**About this exercise:** Here the job is to transcribe the data verbatim while leaving each picture out.

**Available data:**

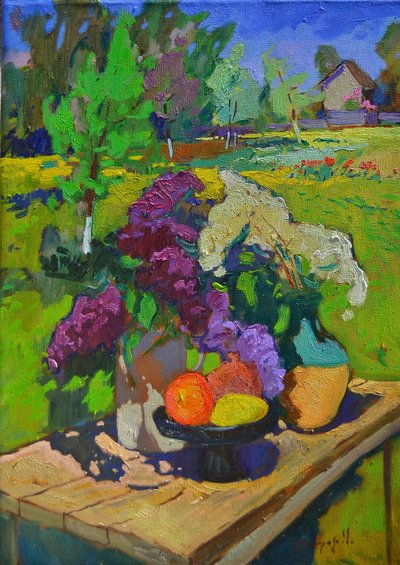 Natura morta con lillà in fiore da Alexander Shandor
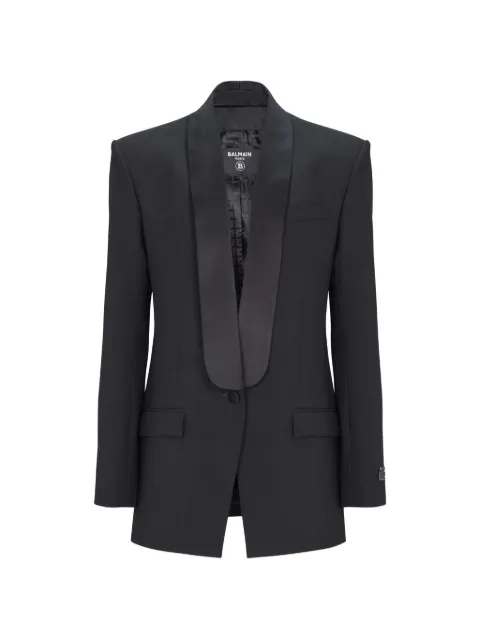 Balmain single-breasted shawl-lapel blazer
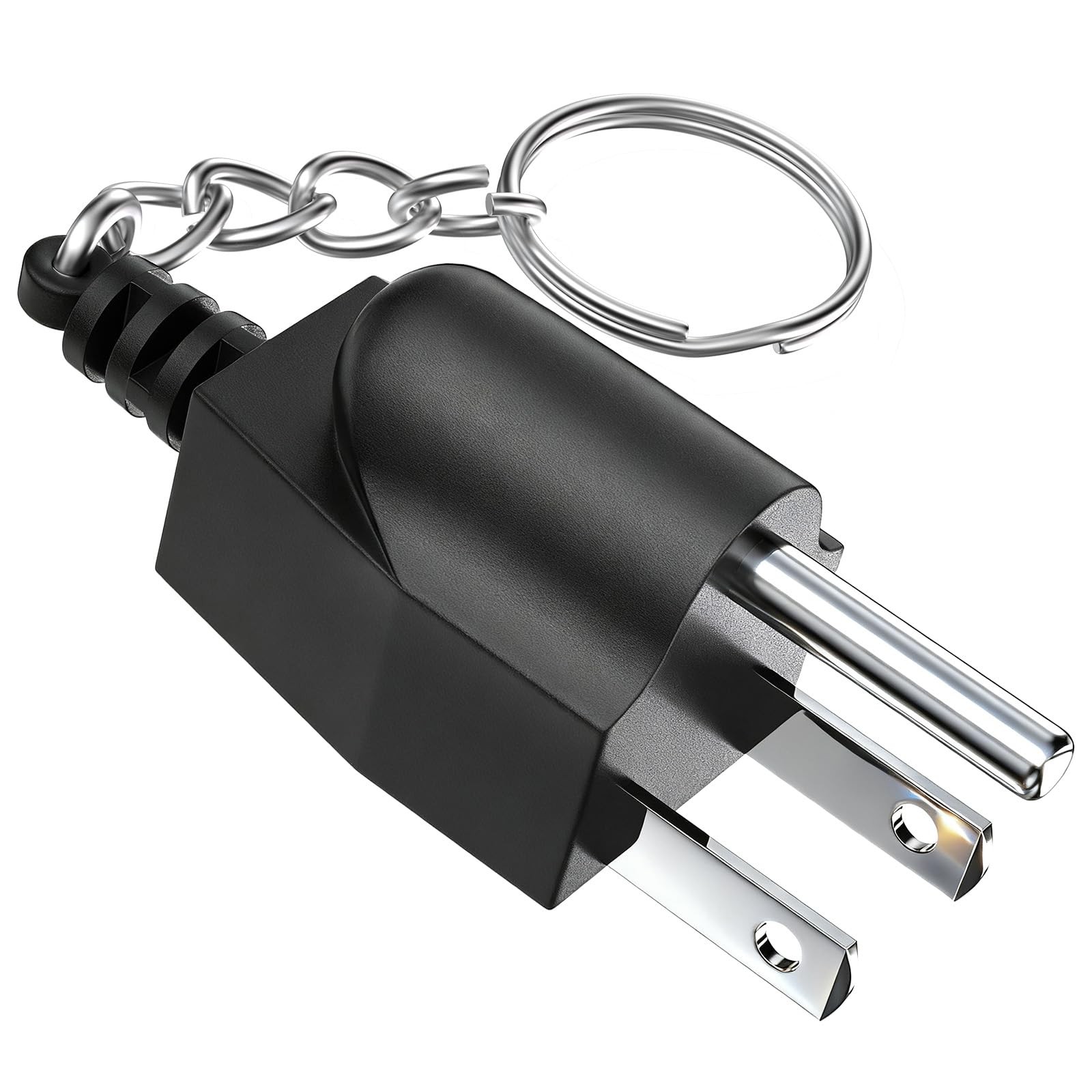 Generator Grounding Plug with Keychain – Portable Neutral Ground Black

**Task result:**
 Natura morta con lillà in fiore da Alexander Shandor
 Balmain single-breasted shawl-lapel blazer
 Generator Grounding Plug with Keychain – Portable Neutral Ground Black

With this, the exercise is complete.